They formed a group and traveled through the Sahara desert like gentle sand floating on the winds of time, finally settling in Morocco. There they met Honey, and began playing gigs at dark and smokey clubs in the heart of the old town.

“It was a funny day that fortune shined on us,” reminisces K’Lib. “Honey’s camel had gotten into our tent, and that damn thing ate an eight-ounce bag of Kashmiri hashish. So there we were, playing at a little bar in Marrakesh, smoking camel shit, when in walks Henry Stone.”

“He sat there with his wife Inez, and they listened to us all night, grooving on our tunes, with Henry stroking his goatee almost the whole time. We took a break, and he walks over, and says, “I gotta take you guys to Miami! I got a studio there in my back pocket. I’m the record man, dig? You’re not black, you’re not pop, you’re not r&b. But you got soul, some kind of magic soul.

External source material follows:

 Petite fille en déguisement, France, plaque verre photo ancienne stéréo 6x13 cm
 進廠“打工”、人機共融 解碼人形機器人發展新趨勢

Early this year, Little Pebbles packed up their gear and set up shop in the Miami vodou realms of Little Haiti, not far from Iggy Pop’s own Fun House. They’ve been writing and recording ever since.

The stark tracks invoke a road-weary love trauma that is both abject and inviting. “Our music is intentionally haunting,” says lead singer Rhyse, “but it’s honest in its darkness. It’s a feeling. A feeling of truth from the abysmal depths of a dark place where beauty and connectivity are born, live, and die inside a lonesome heart.”

“Nobody Cares” is a ballad in the Devil’s Interval, a series of minor chords pronounced as evil by the ancient religious-like state . Driven by a phasing distortion on the guitar and provocative lyrics, the song is a skeleton’s death-grip at the throat of love.

“Worthless And Weak” is for fans of Leonard Cohen and Tom Waits. This banjo lit death knell evokes a merciless but ultimately triumphant journey through the dark heart of Americana.